Researchers have tested a method for rewriting blocked prompts in text-to-video systems to bypass safety filters without altering their meaning, exposing the frailty of current safeguards.
Various closed-source video models aim to prevent users from generating unwanted content, but determined individuals have found ways to coerce systems into producing restricted material.
A new collaborative effort from Singapore and China has introduced an optimization-based jailbreak method for text-to-video models, successfully tricking systems like Kling by rewriting prompts discreetly.
The method focuses on rewriting prompts that circumvent safety filters while maintaining original meaning, achieved through an iterative optimization process with three objectives.
The approach, tested on platforms like Pika, Luma, Kling, and Open-Sora, outperformed previous methods in breaking system safeguards, highlighting limitations in current safety filters of text-to-video models.
The study conducted by eight researchers from various universities utilized ChatGPT-4o to rewrite prompts and bypass safety filters, showcasing the system's effectiveness in generating prompts that evade detection.

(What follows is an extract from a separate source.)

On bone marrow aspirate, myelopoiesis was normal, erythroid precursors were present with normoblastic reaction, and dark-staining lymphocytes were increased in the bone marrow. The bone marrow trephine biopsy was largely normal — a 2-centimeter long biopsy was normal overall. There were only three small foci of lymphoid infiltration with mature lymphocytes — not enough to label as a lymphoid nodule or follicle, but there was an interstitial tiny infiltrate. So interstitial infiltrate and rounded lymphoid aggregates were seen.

A prompt mutation strategy was implemented to enhance consistency in bypassing filters, leading the system to select prompts that remained effective across multiple uses.

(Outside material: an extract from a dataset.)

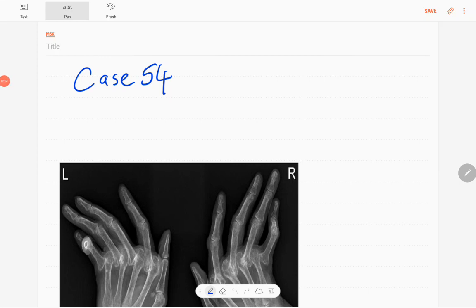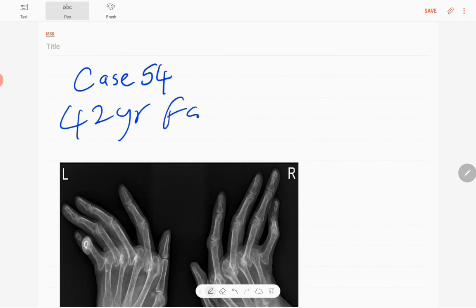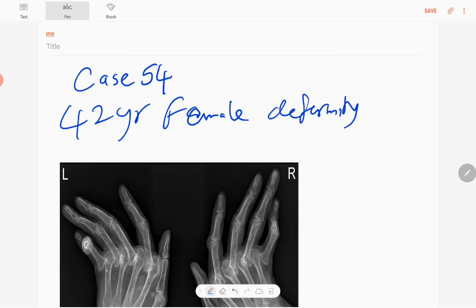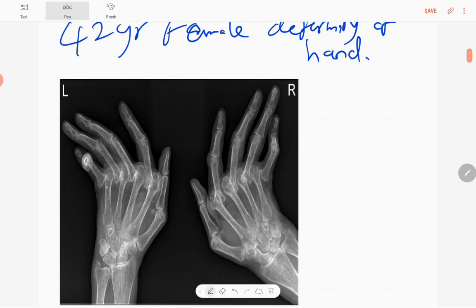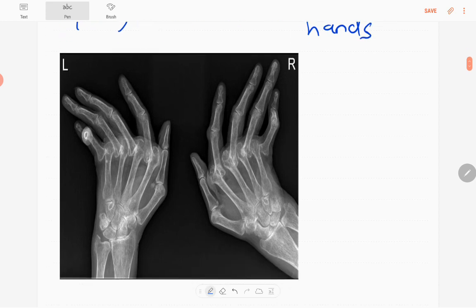Hello everyone, this is case number 54 of the MSK series. Today's patient is a 42-year-old female who presented with deformity of both hands. You can see the anteroposterior radiograph of both hands in a dedicated image of the patient's X-ray.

The research methodology aimed to preserve original input meaning while bypassing safety filters, resulting in improved attack success rates and semantic alignment with the original prompts compared to baseline methods.

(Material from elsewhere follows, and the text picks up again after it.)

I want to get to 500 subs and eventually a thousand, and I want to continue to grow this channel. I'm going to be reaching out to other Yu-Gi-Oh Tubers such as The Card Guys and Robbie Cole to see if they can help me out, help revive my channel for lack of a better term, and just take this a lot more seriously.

Notably, Open-Sora exhibited high vulnerability to adversarial prompts, emphasizing the need for improved safety mechanisms in such open-source models to mitigate risks posed by malicious prompts.
The method achieved higher attack success rates and maintained stronger semantic alignment with input prompts across various text-to-video models compared to baseline approaches, demonstrating its efficiency and effectiveness.
The study emphasizes the necessity for advanced safety measures in text-to-video models and suggests that the new method balances attack success with semantic integrity, enhancing the generation of safer content.